MRNews : Vous travaillez chez Orange à la direction de l’anticipation et de la connaissance client, au sein de laquelle vous managez un département Market Research qui contribue activement au plan stratégique 2020. Quelle est aujourd’hui la place des études en mode do-it-yourself chez vous ?

Guillaume Roussel (Orange) : Nous avons beaucoup d’outils disponibles, avec une variété d’applications très large, que cela soit par l’analyse de nos parcours clients, du social listening, via des communautés nous permettant d’interagir avec nos clients de manière autonome et très régulière, mais aussi bien sûr via l’analyse des verbatims provenant de toutes les sources d’études ou interactions avec nos clients. Nous faisons beaucoup de tests pour en comprendre les usages de manière plus fine, approfondie, identifier les cohérences/complémentarités de ces différents outils et ainsi se forger une conviction au quotidien sur ce que cela permet, mais aussi pour en connaitre les limites.

La panoplie semble très large.

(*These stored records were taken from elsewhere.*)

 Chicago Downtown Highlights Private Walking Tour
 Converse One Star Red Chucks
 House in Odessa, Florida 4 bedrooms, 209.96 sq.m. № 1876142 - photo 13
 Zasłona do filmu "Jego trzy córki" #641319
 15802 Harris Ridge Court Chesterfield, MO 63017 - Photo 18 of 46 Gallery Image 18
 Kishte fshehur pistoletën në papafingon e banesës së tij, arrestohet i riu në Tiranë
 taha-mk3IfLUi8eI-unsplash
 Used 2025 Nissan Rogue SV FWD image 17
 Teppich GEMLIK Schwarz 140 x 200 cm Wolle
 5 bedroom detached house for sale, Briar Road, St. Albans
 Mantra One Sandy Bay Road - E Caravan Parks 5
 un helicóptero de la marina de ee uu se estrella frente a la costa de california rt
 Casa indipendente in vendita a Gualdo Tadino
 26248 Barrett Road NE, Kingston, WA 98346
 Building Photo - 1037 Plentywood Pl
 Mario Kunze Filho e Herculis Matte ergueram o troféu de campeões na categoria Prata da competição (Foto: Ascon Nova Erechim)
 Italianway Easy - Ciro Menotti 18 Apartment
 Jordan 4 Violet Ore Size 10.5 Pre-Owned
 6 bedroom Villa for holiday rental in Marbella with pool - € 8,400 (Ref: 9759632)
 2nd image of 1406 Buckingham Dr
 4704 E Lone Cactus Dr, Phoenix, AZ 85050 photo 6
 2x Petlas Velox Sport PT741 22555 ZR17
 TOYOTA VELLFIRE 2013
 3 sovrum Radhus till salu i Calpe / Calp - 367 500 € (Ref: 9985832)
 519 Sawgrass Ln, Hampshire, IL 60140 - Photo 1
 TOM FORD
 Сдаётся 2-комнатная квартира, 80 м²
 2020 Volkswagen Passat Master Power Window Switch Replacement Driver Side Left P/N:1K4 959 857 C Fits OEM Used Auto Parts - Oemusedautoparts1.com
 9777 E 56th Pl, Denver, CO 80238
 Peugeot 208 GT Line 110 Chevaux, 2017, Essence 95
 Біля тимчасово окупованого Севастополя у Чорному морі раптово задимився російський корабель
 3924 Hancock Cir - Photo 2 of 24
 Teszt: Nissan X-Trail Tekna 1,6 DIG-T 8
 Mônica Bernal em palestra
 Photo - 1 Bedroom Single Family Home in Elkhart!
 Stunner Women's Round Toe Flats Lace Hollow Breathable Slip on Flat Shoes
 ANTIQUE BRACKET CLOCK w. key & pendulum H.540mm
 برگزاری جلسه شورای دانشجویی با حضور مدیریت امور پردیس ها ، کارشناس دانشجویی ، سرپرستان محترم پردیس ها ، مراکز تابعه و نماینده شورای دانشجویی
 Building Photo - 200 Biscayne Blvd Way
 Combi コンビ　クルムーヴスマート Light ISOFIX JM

Pourriez-vous nous en dire plus sur les uses cases ou sujets traités via l’utilisation de ces outils ?

Sans pouvoir naturellement rentrer dans le cœur de chacun des sujets traités via ces outils, j’ai surtout le sentiment que chaque outil peut contribuer efficacement à nourrir une préoccupation marketing. Que cela soit pour comprendre les irritants clients, les ruptures dans nos parcours clients, ce qu’ils pensent des lancements d’offres de notre marque ou même de nos concurrents, tous ces sujets sont autant d’occasions d’utiliser ces outils. Je reste par contre convaincu qu’il est essentiel d’en croiser les regards pour en dégager une vision agrégée, cohérente, exploitable. Nous y reviendrons je pense…  

Quels ont été les éléments déclencheurs de cette démarche de test de ces outils ?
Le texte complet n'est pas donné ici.